▸ Problem statement
Every entry that follows should be output again, word for word.

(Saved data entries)
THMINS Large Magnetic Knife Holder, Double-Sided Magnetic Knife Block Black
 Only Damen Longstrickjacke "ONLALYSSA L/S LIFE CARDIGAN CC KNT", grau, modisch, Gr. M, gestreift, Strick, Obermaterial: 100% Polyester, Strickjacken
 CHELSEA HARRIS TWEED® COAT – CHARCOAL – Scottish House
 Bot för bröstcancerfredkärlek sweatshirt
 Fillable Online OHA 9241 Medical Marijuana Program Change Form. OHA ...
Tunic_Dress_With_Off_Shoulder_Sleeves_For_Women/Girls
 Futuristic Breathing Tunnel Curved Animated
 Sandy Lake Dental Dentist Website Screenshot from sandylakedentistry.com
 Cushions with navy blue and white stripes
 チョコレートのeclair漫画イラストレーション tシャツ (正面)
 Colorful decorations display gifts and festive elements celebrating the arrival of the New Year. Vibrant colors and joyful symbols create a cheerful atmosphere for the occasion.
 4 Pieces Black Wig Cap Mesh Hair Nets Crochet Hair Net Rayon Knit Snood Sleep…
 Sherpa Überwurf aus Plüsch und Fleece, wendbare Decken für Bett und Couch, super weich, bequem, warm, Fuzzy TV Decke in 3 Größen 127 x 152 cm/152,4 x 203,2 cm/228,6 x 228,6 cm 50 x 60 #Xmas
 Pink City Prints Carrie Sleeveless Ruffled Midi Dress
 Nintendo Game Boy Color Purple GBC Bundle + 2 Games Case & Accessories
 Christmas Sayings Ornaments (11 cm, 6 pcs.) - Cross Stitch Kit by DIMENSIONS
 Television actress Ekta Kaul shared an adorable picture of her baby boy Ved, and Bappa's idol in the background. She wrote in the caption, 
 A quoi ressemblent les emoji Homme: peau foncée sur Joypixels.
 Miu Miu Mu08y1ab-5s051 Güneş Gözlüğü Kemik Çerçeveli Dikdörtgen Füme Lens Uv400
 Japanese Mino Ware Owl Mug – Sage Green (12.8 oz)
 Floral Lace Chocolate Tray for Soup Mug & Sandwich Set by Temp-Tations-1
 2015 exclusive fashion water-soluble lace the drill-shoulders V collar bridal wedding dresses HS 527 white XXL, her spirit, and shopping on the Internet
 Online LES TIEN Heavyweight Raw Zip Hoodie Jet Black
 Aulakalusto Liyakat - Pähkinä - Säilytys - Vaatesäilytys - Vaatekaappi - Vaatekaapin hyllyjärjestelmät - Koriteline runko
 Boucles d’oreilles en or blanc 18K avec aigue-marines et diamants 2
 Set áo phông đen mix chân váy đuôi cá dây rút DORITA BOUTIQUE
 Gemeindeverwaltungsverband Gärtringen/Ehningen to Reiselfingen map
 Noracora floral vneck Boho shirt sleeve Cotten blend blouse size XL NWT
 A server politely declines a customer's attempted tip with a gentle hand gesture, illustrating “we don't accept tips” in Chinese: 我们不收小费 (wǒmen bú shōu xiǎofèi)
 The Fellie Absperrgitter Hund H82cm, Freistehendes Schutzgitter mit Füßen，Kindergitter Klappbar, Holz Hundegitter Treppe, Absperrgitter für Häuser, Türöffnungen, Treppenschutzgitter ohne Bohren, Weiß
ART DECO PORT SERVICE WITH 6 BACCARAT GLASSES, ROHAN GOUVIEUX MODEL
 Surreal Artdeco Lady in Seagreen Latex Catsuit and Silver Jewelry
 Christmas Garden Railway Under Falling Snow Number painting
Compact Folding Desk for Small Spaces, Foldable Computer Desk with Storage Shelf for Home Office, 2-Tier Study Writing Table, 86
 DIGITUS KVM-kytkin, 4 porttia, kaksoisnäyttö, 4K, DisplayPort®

▸ Response to this exercise
THMINS Large Magnetic Knife Holder, Double-Sided Magnetic Knife Block Black
 Only Damen Longstrickjacke "ONLALYSSA L/S LIFE CARDIGAN CC KNT", grau, modisch, Gr. M, gestreift, Strick, Obermaterial: 100% Polyester, Strickjacken
 CHELSEA HARRIS TWEED® COAT – CHARCOAL – Scottish House
 Bot för bröstcancerfredkärlek sweatshirt
 Fillable Online OHA 9241 Medical Marijuana Program Change Form. OHA ...
Tunic_Dress_With_Off_Shoulder_Sleeves_For_Women/Girls
 Futuristic Breathing Tunnel Curved Animated
 Sandy Lake Dental Dentist Website Screenshot from sandylakedentistry.com
 Cushions with navy blue and white stripes
 チョコレートのeclair漫画イラストレーション tシャツ (正面)
 Colorful decorations display gifts and festive elements celebrating the arrival of the New Year. Vibrant colors and joyful symbols create a cheerful atmosphere for the occasion.
 4 Pieces Black Wig Cap Mesh Hair Nets Crochet Hair Net Rayon Knit Snood Sleep…
 Sherpa Überwurf aus Plüsch und Fleece, wendbare Decken für Bett und Couch, super weich, bequem, warm, Fuzzy TV Decke in 3 Größen 127 x 152 cm/152,4 x 203,2 cm/228,6 x 228,6 cm 50 x 60 #Xmas
 Pink City Prints Carrie Sleeveless Ruffled Midi Dress
 Nintendo Game Boy Color Purple GBC Bundle + 2 Games Case & Accessories
 Christmas Sayings Ornaments (11 cm, 6 pcs.) - Cross Stitch Kit by DIMENSIONS
 Television actress Ekta Kaul shared an adorable picture of her baby boy Ved, and Bappa's idol in the background. She wrote in the caption, 
 A quoi ressemblent les emoji Homme: peau foncée sur Joypixels.
 Miu Miu Mu08y1ab-5s051 Güneş Gözlüğü Kemik Çerçeveli Dikdörtgen Füme Lens Uv400
 Japanese Mino Ware Owl Mug – Sage Green (12.8 oz)
 Floral Lace Chocolate Tray for Soup Mug & Sandwich Set by Temp-Tations-1
 2015 exclusive fashion water-soluble lace the drill-shoulders V collar bridal wedding dresses HS 527 white XXL, her spirit, and shopping on the Internet
 Online LES TIEN Heavyweight Raw Zip Hoodie Jet Black
 Aulakalusto Liyakat - Pähkinä - Säilytys - Vaatesäilytys - Vaatekaappi - Vaatekaapin hyllyjärjestelmät - Koriteline runko
 Boucles d’oreilles en or blanc 18K avec aigue-marines et diamants 2
 Set áo phông đen mix chân váy đuôi cá dây rút DORITA BOUTIQUE
 Gemeindeverwaltungsverband Gärtringen/Ehningen to Reiselfingen map
 Noracora floral vneck Boho shirt sleeve Cotten blend blouse size XL NWT
 A server politely declines a customer's attempted tip with a gentle hand gesture, illustrating “we don't accept tips” in Chinese: 我们不收小费 (wǒmen bú shōu xiǎofèi)
 The Fellie Absperrgitter Hund H82cm, Freistehendes Schutzgitter mit Füßen，Kindergitter Klappbar, Holz Hundegitter Treppe, Absperrgitter für Häuser, Türöffnungen, Treppenschutzgitter ohne Bohren, Weiß
ART DECO PORT SERVICE WITH 6 BACCARAT GLASSES, ROHAN GOUVIEUX MODEL
 Surreal Artdeco Lady in Seagreen Latex Catsuit and Silver Jewelry
 Christmas Garden Railway Under Falling Snow Number painting
Compact Folding Desk for Small Spaces, Foldable Computer Desk with Storage Shelf for Home Office, 2-Tier Study Writing Table, 86
 DIGITUS KVM-kytkin, 4 porttia, kaksoisnäyttö, 4K, DisplayPort®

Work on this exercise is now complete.